_RECORDS_
..........

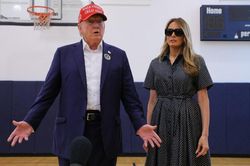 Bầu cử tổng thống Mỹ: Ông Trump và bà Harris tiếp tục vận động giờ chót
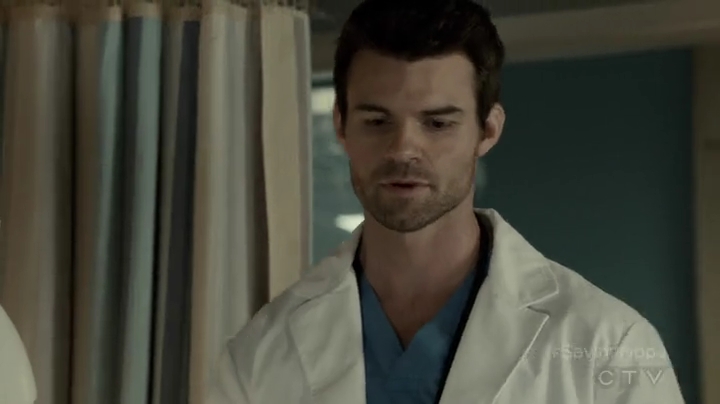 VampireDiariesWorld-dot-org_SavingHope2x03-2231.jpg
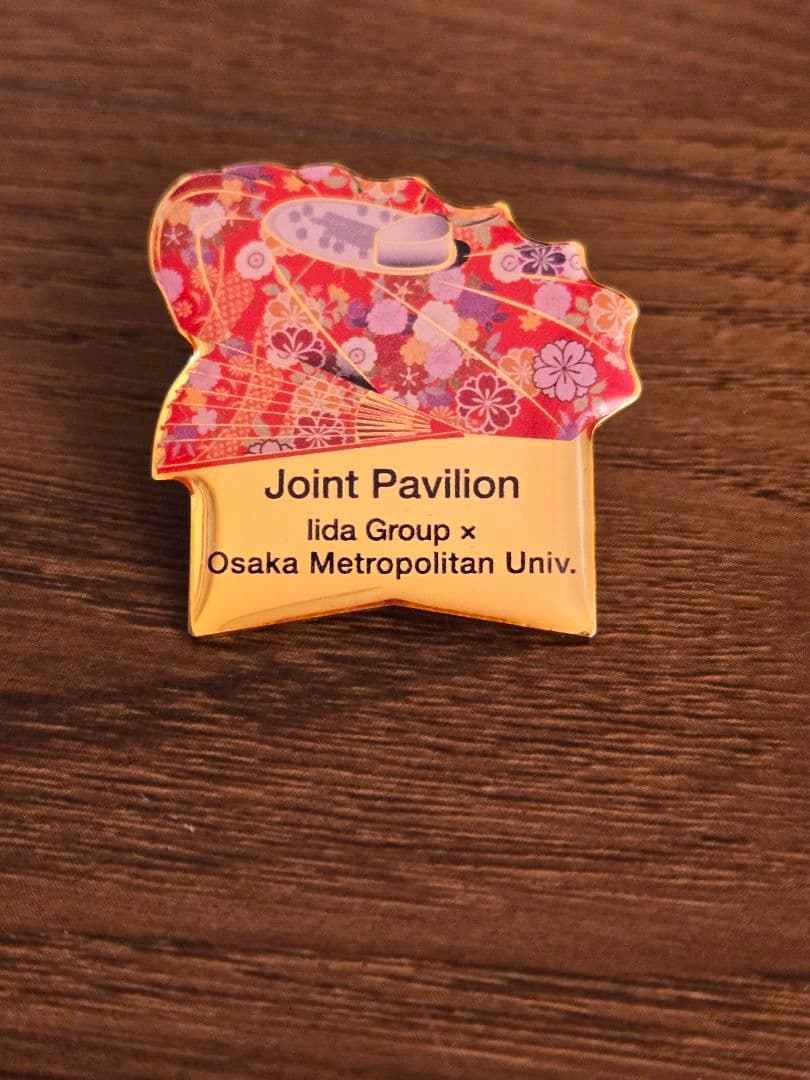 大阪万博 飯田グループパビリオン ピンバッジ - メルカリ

..........

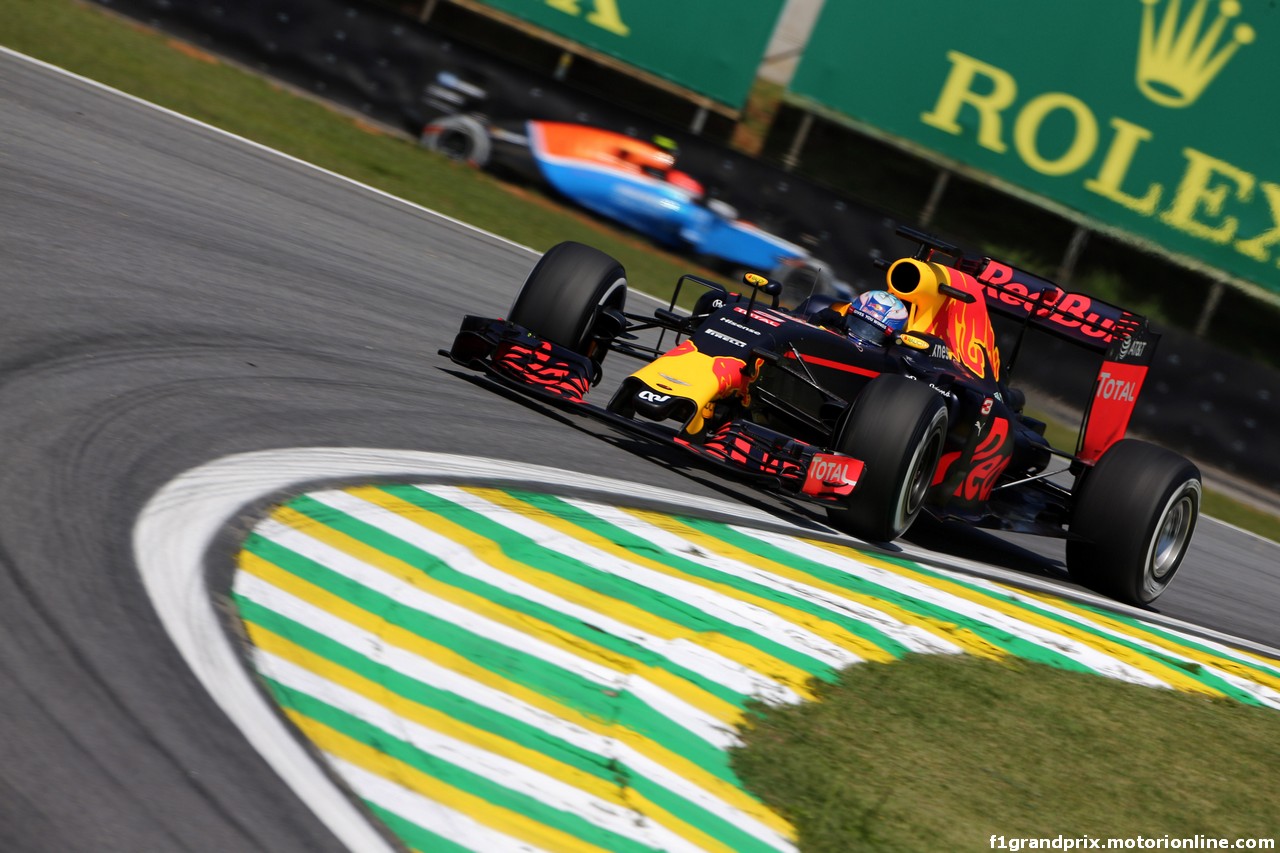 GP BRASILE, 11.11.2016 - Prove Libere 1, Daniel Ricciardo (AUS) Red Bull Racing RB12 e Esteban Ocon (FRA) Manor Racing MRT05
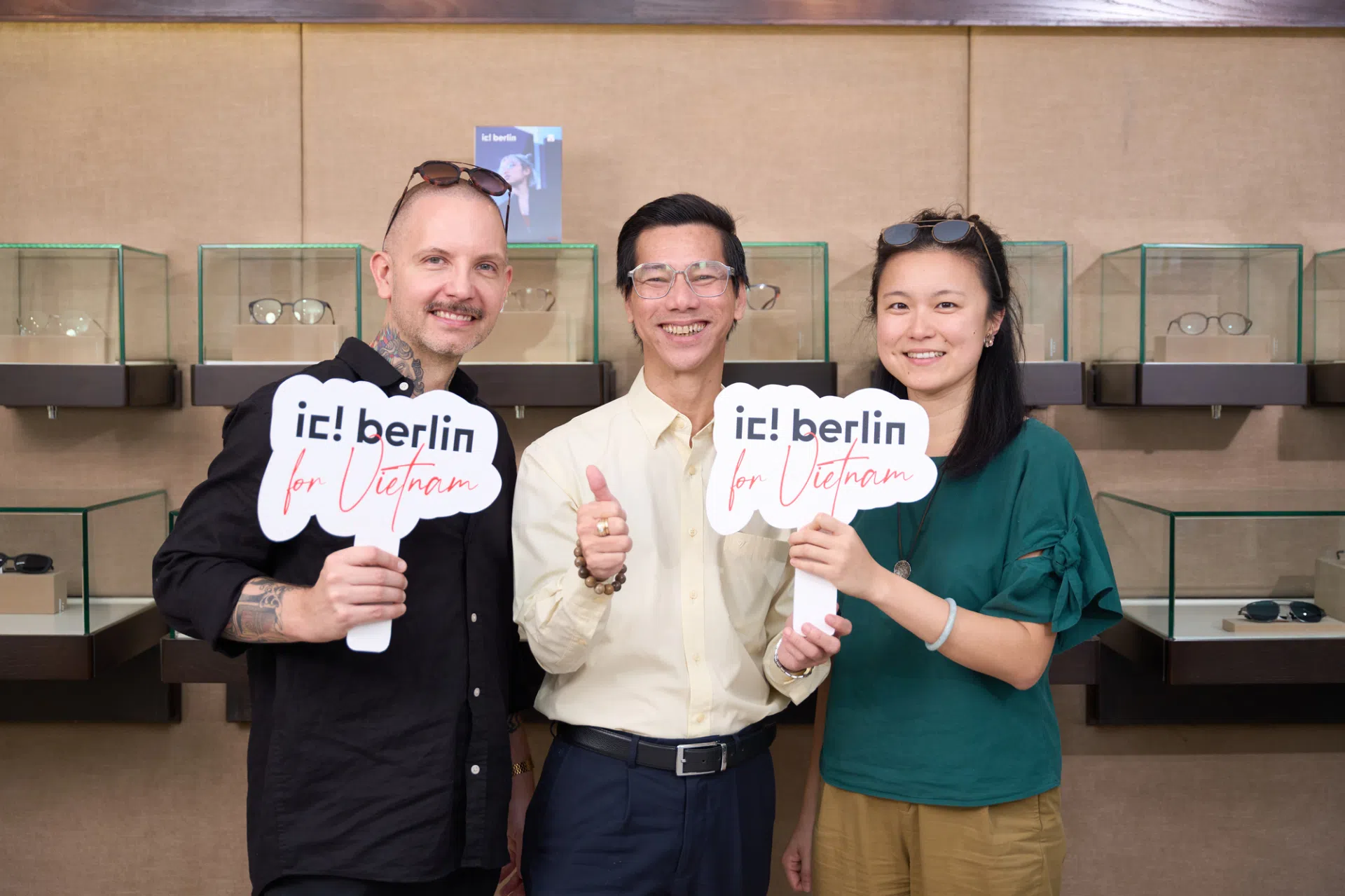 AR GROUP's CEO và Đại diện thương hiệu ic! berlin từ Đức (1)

..........

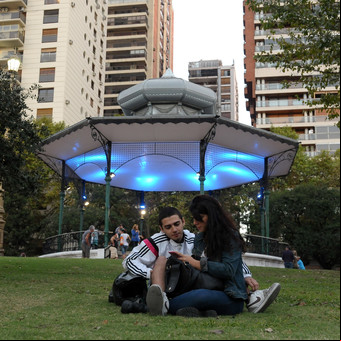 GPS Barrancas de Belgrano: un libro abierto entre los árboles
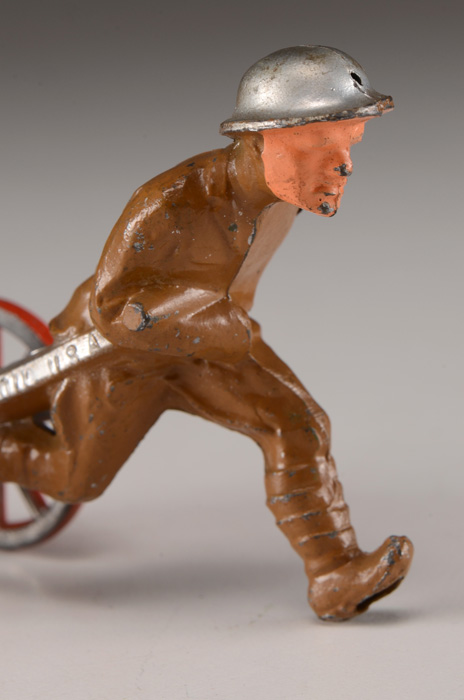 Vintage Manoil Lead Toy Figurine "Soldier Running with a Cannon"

..........

_PROBLEM STATEMENT_
Each line between the one holding "VampireDiariesWorld-dot-org_SavingHope2x03-2231.jpg" and the one holding "大阪万博 飯田グループパビリオン ピンバッジ - メルカリ", inclusive, should be copied exactly as it appears above, and pictures should be omitted.

_SOLUTION FOR THIS PROBLEM_
 VampireDiariesWorld-dot-org_SavingHope2x03-2231.jpg
 大阪万博 飯田グループパビリオン ピンバッジ - メルカリ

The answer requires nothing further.